Sikhulekelani Moyo, [email protected]
RESERVE Bank of Zimbabwe (RBZ) has announced that it will widen its ongoing blitz on businesses across the country, defying the Government directive to accept the use of multicurrency, which also includes embracing the local currency, the ZiG, as a legal tender at the official rate when pricing products.
The operation, which was hitherto confined to Harare and its environs, will be extended to other provinces during the first quarter of the year as part of enforcing financial laws.
This comes at a time when some businesses in Bulawayo among other cities and towns, continue to defy Government directives to accept ZiG as the legal tender, with the informal sector, continuing to give flimsy excuses, among them network hurdles on their point-of-sale (POS) machines, forcing consumers to use foreign currency.

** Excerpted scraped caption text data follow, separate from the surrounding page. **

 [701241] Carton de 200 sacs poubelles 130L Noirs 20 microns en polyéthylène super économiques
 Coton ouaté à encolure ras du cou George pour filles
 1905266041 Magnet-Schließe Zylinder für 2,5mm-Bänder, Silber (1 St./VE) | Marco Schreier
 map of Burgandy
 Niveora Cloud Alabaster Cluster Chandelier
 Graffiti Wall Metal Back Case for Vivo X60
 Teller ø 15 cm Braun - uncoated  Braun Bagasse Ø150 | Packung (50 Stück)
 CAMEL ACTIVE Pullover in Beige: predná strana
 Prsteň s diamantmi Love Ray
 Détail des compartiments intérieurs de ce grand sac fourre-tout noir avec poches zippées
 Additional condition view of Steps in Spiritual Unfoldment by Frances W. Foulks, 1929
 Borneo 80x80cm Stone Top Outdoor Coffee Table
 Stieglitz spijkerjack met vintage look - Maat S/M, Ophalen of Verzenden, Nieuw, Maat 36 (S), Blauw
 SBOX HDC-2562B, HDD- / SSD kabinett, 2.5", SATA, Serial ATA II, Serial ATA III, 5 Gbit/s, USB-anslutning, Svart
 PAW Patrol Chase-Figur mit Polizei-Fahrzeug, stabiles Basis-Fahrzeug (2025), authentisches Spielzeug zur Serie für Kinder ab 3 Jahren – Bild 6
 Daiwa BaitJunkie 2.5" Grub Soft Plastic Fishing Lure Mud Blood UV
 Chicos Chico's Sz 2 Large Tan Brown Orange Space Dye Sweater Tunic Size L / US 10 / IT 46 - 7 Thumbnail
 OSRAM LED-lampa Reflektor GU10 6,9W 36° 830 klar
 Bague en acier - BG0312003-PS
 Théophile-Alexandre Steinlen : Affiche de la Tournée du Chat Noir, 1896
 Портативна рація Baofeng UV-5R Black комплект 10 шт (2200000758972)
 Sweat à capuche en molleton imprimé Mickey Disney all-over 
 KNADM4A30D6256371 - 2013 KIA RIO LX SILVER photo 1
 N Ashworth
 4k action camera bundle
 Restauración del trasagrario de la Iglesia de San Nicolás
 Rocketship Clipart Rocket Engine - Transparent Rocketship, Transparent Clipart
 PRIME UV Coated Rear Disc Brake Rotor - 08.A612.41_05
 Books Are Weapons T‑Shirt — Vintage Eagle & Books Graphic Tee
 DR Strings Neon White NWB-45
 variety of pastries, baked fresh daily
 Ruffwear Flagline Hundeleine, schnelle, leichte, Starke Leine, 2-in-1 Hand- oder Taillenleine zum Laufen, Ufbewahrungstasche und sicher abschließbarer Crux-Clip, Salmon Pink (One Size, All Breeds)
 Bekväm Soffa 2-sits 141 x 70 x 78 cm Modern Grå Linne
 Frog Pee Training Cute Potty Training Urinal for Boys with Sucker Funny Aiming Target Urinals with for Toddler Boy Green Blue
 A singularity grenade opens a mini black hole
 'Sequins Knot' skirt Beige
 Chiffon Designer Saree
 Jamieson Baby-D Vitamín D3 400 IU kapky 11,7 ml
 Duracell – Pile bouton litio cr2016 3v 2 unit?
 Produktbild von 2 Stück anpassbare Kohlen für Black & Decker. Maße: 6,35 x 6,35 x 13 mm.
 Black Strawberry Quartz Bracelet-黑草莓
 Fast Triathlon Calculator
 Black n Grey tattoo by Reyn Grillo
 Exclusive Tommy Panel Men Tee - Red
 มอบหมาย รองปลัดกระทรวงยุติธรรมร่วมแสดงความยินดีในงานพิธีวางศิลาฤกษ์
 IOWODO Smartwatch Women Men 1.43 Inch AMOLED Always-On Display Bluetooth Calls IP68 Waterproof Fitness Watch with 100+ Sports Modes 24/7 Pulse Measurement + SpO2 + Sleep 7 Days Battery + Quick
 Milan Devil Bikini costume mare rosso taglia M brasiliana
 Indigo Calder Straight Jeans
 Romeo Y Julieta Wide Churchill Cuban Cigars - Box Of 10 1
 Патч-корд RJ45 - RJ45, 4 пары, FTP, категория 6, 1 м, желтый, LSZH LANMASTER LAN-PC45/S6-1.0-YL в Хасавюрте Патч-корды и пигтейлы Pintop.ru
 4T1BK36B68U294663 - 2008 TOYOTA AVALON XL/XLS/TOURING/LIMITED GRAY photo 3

The Statutory Instrument (SI) 81A of 2024, promulgated by the Government after the successful launch of the structured currency in April last year, compels businesses to use the official exchange rate when pricing products.
Also, in 2022, the Government gazetted SI 218 of 2023, which effectively extends the use of the multiple currency system to December 2030.
However, regardless of all these statutory instruments, some businesses continue to frustrate consumers as they refuse to accept the local currency, with some businesses opting to accept it using the black-market rate, which erodes consumer’s purchasing power.
In an interview, RBZ Governor Dr John Mushayavanhu said when the Government enacts policies, it expects businesses and the general public to comply with the regulations.
On the financial side, these policies are enforced by the Financial Intelligence Unit (FIU) and other Government units that have instruments to deal with such malpractices.
“It should be noted that FIU monitoring and compliance operations have hitherto been concentrated in Harare and its environs, but beginning the first quarter of 2025, the FIU is expanding its enforcement operations into Bulawayo and other provincial capital cities,” said Dr Mushayavanhu.
“Some of the measures include heavy penalties for organisations that violate the exchange control regulations, and this will greatly improve compliance across the board. The FIU continues to urge the public to report issues of non-compliance, and they will swiftly respond as necessary.”
Dr Mushayavanhu said in promoting compliance, efforts by the FIU are beginning to bear fruit as some areas witness increasing levels of compliance in the smaller shops that are now accepting the local currency.
“Compliance is a confidence issue, and the RBZ continues to refine its monetary policy to achieve and maintain price and exchange rate stability, and confidence will be restored in the transacting public,” he said.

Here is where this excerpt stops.